Schließlich übergebe ich mich dem Projekt, auf das ich mich heute einlassen wollte: Du bestimmst nicht den Weg, es wird dich irgendwo hinführen.
Eine halbe Stunde später auf dem Hansa-Platz in St. Georg – ich setze mich auf die schmuddeligen Stufen des Brunnens zwischen die Männer, die dort mit ihren Bierflaschen sitzen. Der links neben mir hat Stöpsel im Ohr und wippt im Tackt irgendeiner Musik, rechts neben mir ein Afrikaner mit verschwommenen Augen und Rastazöpfen, ein anderer mit einer großen Lücke, wo einst die Schneidezähne waren, läuft auf Socken vor uns auf und ab. Seine Eckzähne stülpen sich merkwürdig über die Unterlippe. Einmal bringt er dem Mann mit den Stöpseln ein Bier, stellt es neben ihn und schaut ihn fürsorglich an. Ich denke: Vielleicht sind das Vater und Sohn, vom Alter haut das hin. Wie absurd: Der Vater versorgt den Sohn mit Alkohol. Mehr kann er ihm nicht geben, mehr Gutes kann er ihm nicht tun. Sie sprechen in einer fremden Sprache miteinander.
Christus finden auf der Straße, wie soll das gehen? Ich sitze da, schlürfe meinen Kaffee, starre geradeaus, es wäre unpassend irgendjemanden anzusprechen, jeder ist in seine Welt versunken. Ich versinke mit in das Schweigen der Männer um mich herum. Nach einer Weile gibt es einen Blickkontakt zu dem Afrikaner, er wirft mir ein anzügliches Augenzwinkern zu und ich spüre echten Widerwillen. Was mache ich hier eigentlich? Doch ich bleibe. Ohne Geld, ohne Rucksack, ohne Handy, ohne Schuhe, ohne jemanden zu grüßen. Na wenigstens habe ich mich an die Sache mit dem Rucksack und dem Handy gehalten.
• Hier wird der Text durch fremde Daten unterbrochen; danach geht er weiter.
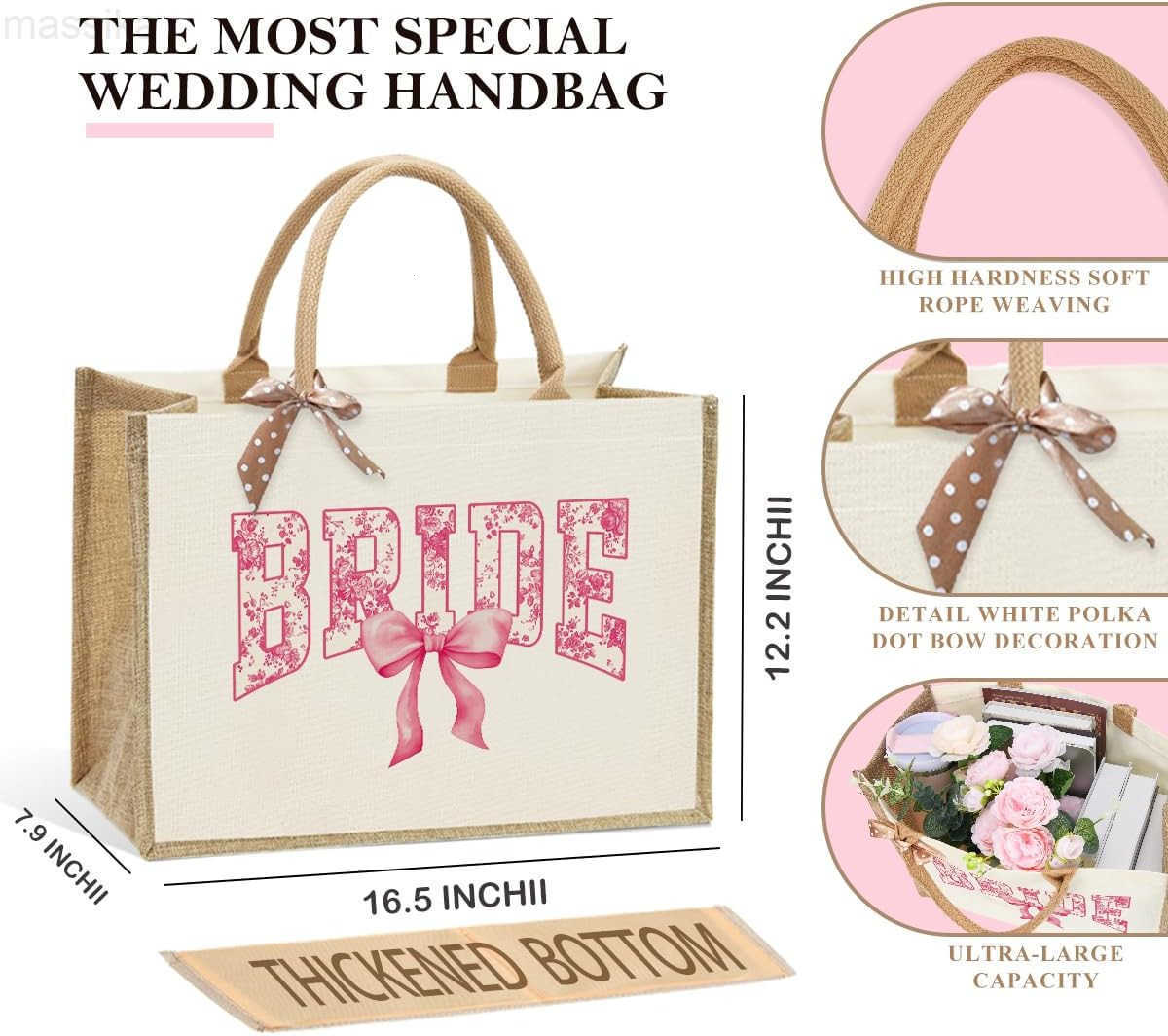 Bride Wedding Tote Bag Coquette Bow Tote Bag with Floral for Wedding Bachelorette Party Honeymoon Travel M251017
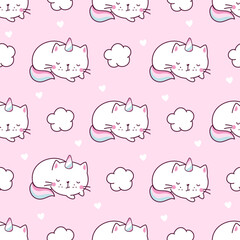 Cat unicorn seamless pattern. Unicorns kitty pastel characters, textile print with cute caticorns. Funny cartoon animals, magic graphic nowaday vector background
Und gegrüßt habe ich bisher auch niemanden und mir ist auch nicht danach zumute. Tiefes Schweigen, es fängt an gut zu tun. Einfach dasitzen. Es muss ja nicht gleich beim ersten Mal klappen mit dem Christus. Ich entspanne mich.
Der Mann mit den Draculazähnen zerreißt ein Brötchen und wirft es den Tauben zu. Ich bin gerührt. Er hat nichts außer ein Brötchen und das teilt er mit diesen nichtsnutzigen Kreaturen. Die Tauben gurren vor uns herum. Jetzt hat der Jüngere einen Stöpsel herausgezogen. Das Ohr zu meiner Seite ist jetzt frei. Dann dreht er sich unwillkürlich zu mir und sagt: „My brother – no shoes. Do you speak English?“ – Ich bin total perplex. Hat er gemerkt, dass ich andauernd über diese Sache mit den Schuhen nachdenken muss. Gibt es so etwas wie Gedankenübertragung, einfach, weil zwei Menschen auf einer Treppe nebeneinander sitzen? „Where are his shoes?“ „Here shoes, better without shoes. He problems with leg and knee, my brother is very ill. Walking without shoes is good for him.” Meine Chance: ich nestle an meinen Schnürsenkeln herum: “I can try.” – “No, no. The shoes are here.” Dem neben mir ist es unangenehm, dass ich meine Schuhe ausziehe, vielleicht denkt er, ich will dem Draculamann meine Schuhe schenken. „I want to try“, wiederhole ich und stelle mich auf die Pflastersteine. Ja, es fühlt sich gut an – Erdung.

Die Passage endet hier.